## Work task
Among the entries below, find the line with "Costa Azzurra Aparment" and the line with "Trifold 25-10". Return exactly those lines and every line between them, but no pictures.

## Data for this exercise
____________________
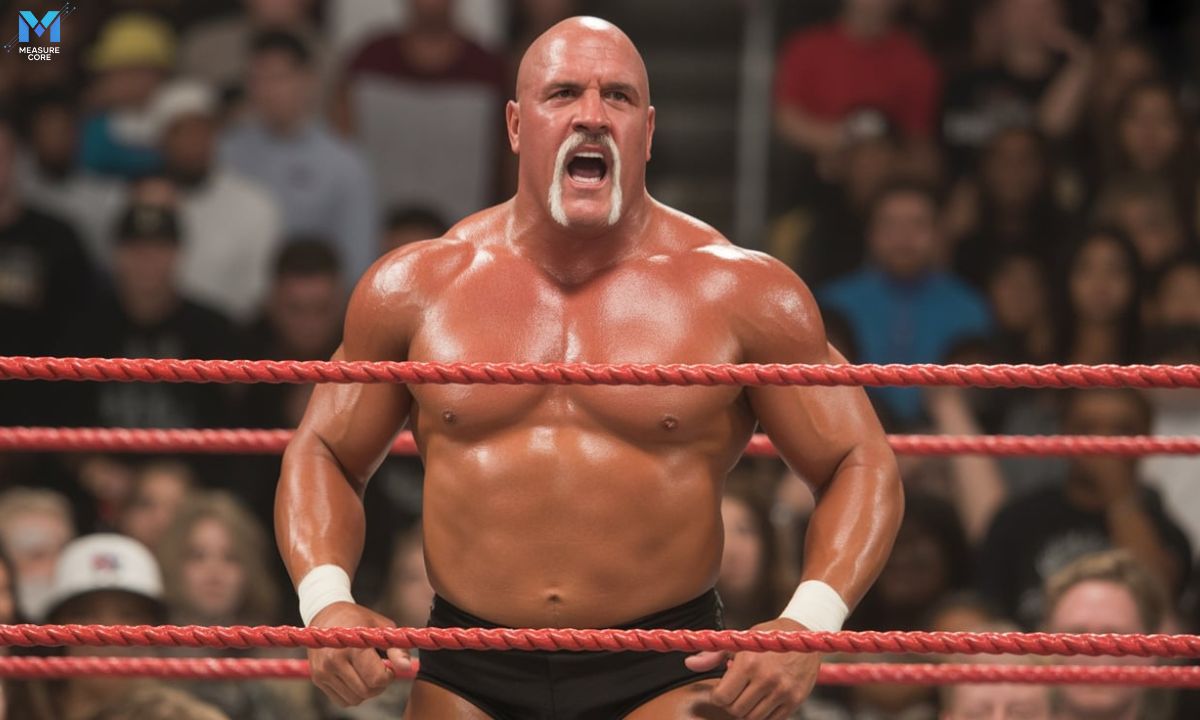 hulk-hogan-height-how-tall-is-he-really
____________________
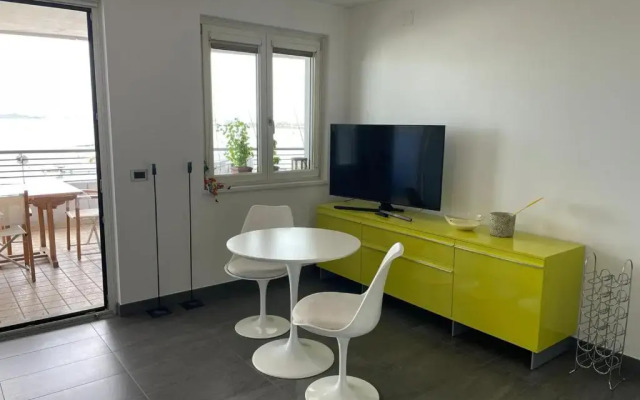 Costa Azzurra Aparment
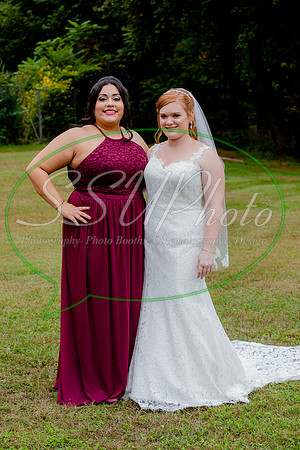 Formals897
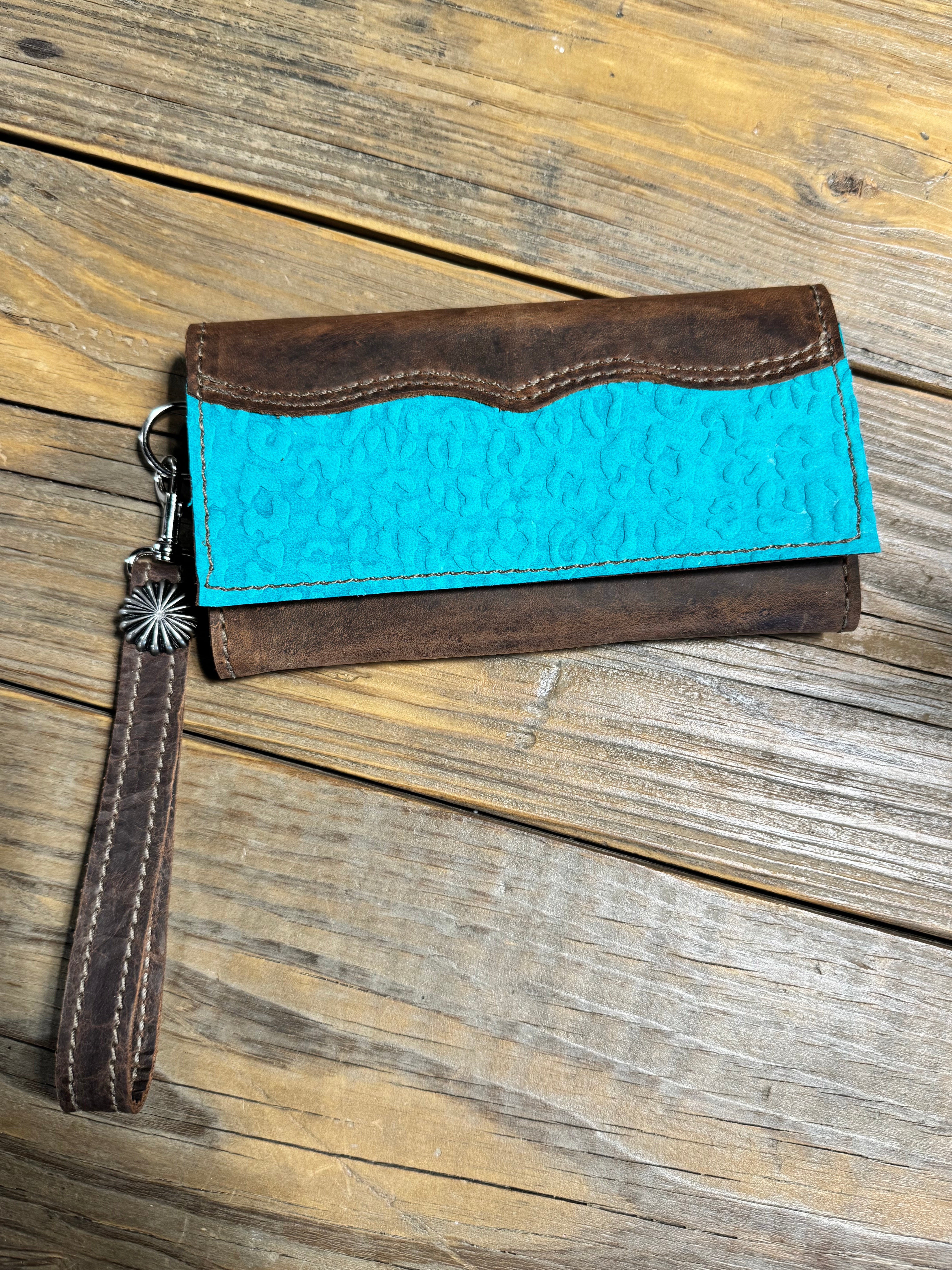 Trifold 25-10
____________________
## Output below
 Costa Azzurra Aparment
 Formals897
 Trifold 25-10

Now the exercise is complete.